Facebook COO Sheryl Sandberg says a phone call with Mark Zuckerberg after her husband's death changed her leadership style
After her husband Dave Goldberg died unexpectedly in 2015, Facebook COO Sheryl Sandberg was suddenly a single mom with one of the biggest jobs in tech.
Sandberg sought the insight of grief counselors, who told her that she should return to the office 10 days after her husband's death, to see if her work would serve as a welcome distraction.
She dropped off her kids at school and lasted about four hours at Facebook. "As far as I could tell, it was a total disaster," Sandberg told media mogul Oprah Winfrey for an upcoming episode of Winfrey's "Super Soul Sunday." The OWN network shared a preview clip with Business Insider.
Sandberg said that she had trouble focusing, rambled, and even fell asleep in an executive meeting. That night she called Facebook CEO Mark Zuckerberg to tell him, "Maybe it's too soon. I made a total fool of myself."
He replied with, "Lots of people sleep in meetings!" she told Winfrey. He then added, "But I think you made a really important point today," and noted what it was. He told her that she can choose to return whenever she was ready, but that he wanted to let her know that she helped the team even during her difficult first day back.
"It was the nicest thing anyone could have done," she said.
Sandberg would later see this phone call as a teaching moment. Sandberg eventually compelled Facebook to double its bereavement leave period to up to 20 days, but she told Winfrey that she also knows the importance of small gestures.
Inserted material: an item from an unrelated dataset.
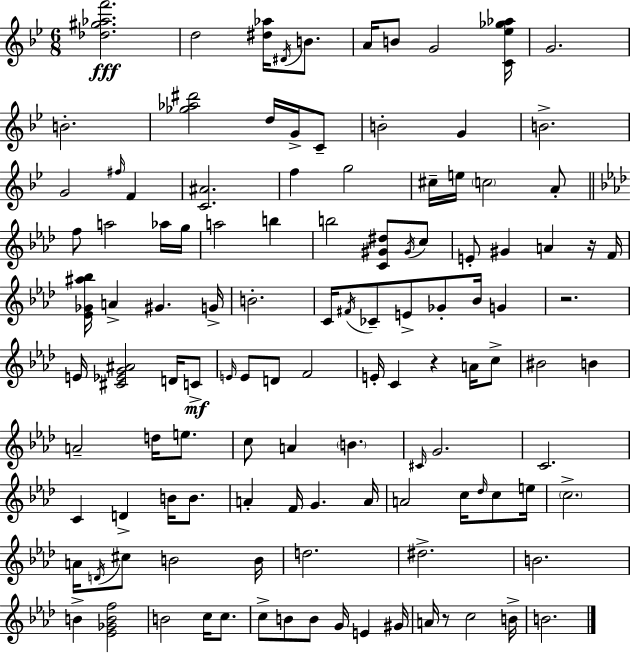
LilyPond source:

She tells employees going through a difficult time that they can resume their full responsibilities when they are able to, but that she still thinks they're the best person for the job, and is quick to point out when they do good work.
Drawing from her own experience with Zuckerberg, Sandberg finds that this little assurance doesn't come across as an imposition on a vulnerable person, but rather a comforting reassurance that they are still a valued member of the team and not an outsider marked by tragedy.
"I think people have a lot to learn from the example Mark set," Sandberg said in an interview with Business Insider's US editor in chief Alyson Shontell in May. "To be honest, I don't know how he knew this. I didn't know this. He did a bunch of stuff that I certainly never thought to do for people I worked with who were grieving. It's a pretty incredible story."
You can see Sandberg's full "Super Soul Sunday" interview on OWN on June 25.